Child of the 7th Age's Avatar
 
Join Date: Mar 2002
Posts: 5,133
Child of the 7th Age is a guest of Tom Bombadil.
King of the North,

Oh, boy! Don't get me started on this.

I agree with you. I felt the movie presented Frodo in a wholly different light than how Tolkien approached him in the book.

For the most part I enjoyed and appreciated the movies. PJ did a fabulous job with his visual depiction of Middle-earth, and I understand the need to cut out and rearrange certain episodes in the book. What bothered me more were those instances when I felt the film "tampered with" the basic nature of the characters in the book, giving them different personalities or motivations. This was true with Faramir and Denethor, and also with Frodo Baggins.

You might want to take a look at an earlier discussion of this topic, a thread that I started several years ago called Two Frodos.

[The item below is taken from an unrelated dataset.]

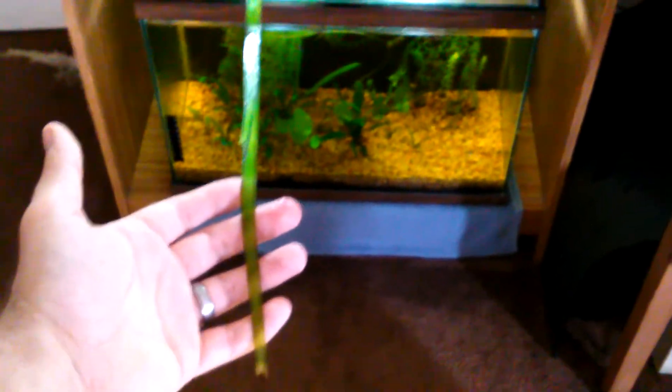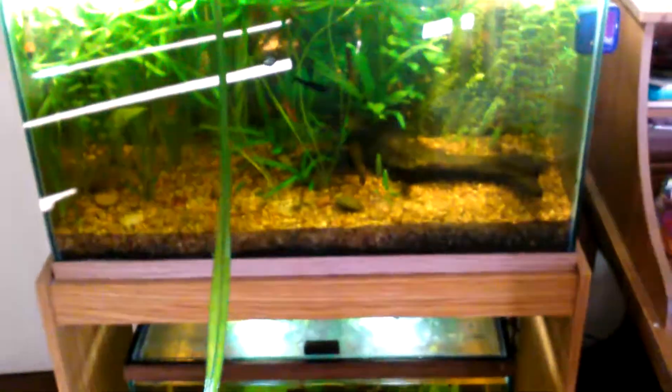This stuff is just insane. The leaves on the jungle val are about four, almost five feet. That's nuts. As you can see on the top here, it just covers everything.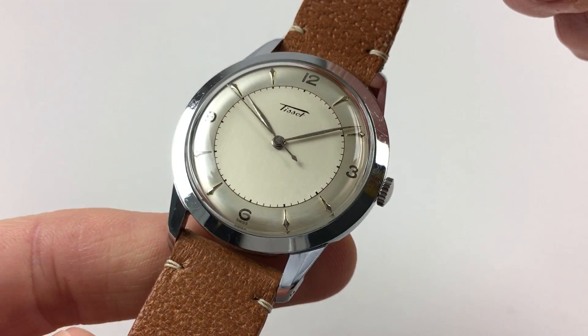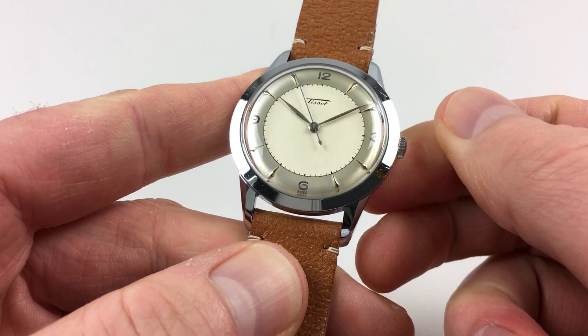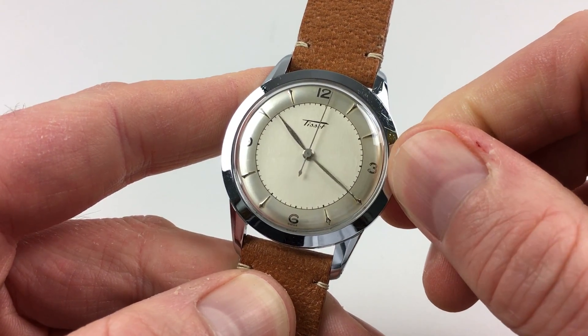It's a manually wound watch, so it requires winding when being worn. Just turn the crown away from you until the spring feels tight. The hand setting is adjusted in a normal manner by putting the crown out and adjusting the hands to the desired time.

For another interesting discussion on similar lines, see this review of movie Frodo.

PJ's Frodo was one-sided. PJ sketched a portrait of a victim who had little will to combat the power of the Ring, but was constantly swooning and keeling over. We never see the Frodo who made a conscious decision to stay and try to rescue his friends at the Barrowdowns or the Hobbit with "perky cheeks" who danced and sang on top of a table in the Prancing Pony. Neither do we see the Frodo who struck out with Sting against the Ringwraith at Weathertop or who escaped on Glorfindel's horse, crying out his defiance: "By Elbereth and Luthien the Fair,....you shall have neither the Ring nor me!" Instead we get the gratuitous scene at Osgiliath that really bothered me with Frodo offering the Ring to the Nazgul rider.

Equally frustrating, I found nothing in the later scenes suggesting that there was an active struggle going on inside Frodo. The side that was under the domination of the Ring was certainly growing, but so too was the other side: specifically, his growth in wisdom and understanding, and the Elven light in Frodo's eyes that Samwise commented on with such affection. Frodo was a victim in PJ's movie, pure and simple.

Frodo's relationship with Gollum is even presented in a different light. The movie Frodo's sympathies for Gollum seem to stem from a personal fear that he too could end up that way. It is a decision motivated primarily by self interest. That is not what Tolkien emphasized in his own narrative. While Tolkien was certainly aware that Frodo's own situation would have made him more aware of what Gollum had gone through, the author emphasizes morality rather than psychological motives or the desire for self preservation. The Frodo of the book grows to understand that "pity" and "mercy" must lay at the heart of our decisions. Again, in the book, the events of the Scouring emphasize Frodo's role as a peacemaker in insisting that as little blood as possible be shed. But this too is swept away, since the Scouring did not make it into the movie.


If this sounds like I "hated" the movies, I did not. I have seen the films several times in the theater and on my EE dvds. I truly enjoyed them. But I did have to accept the simple reality that PJ's fanfiction changes the characters in some rather important ways.

We live in a time when people have trouble accepting "goodness" as someone's true motive. Instead, we have anti-heroes, or good folk who are tormented by self-doubts, individuals whose actions are motivated by inner psychological struggles. For this reason, we see a conflicted Aragorn or lose the nobleness that stood at Denethor's core before the madness struck. We have a Faramir who is motivated by conflicting feelings about his father and a Frodo who is addicted to the Ring from the first moment of the movie on, in the same way that a junkie would be addicted to dope. This may make interesting film....it may even be a logical extension of some things Tolkien set down on paper. But it is not the story that Tolkien told.
__________________
Multitasking women are never too busy to vote.

Last edited by Child of the 7th Age; 01-01-2005 at 11:35 AM.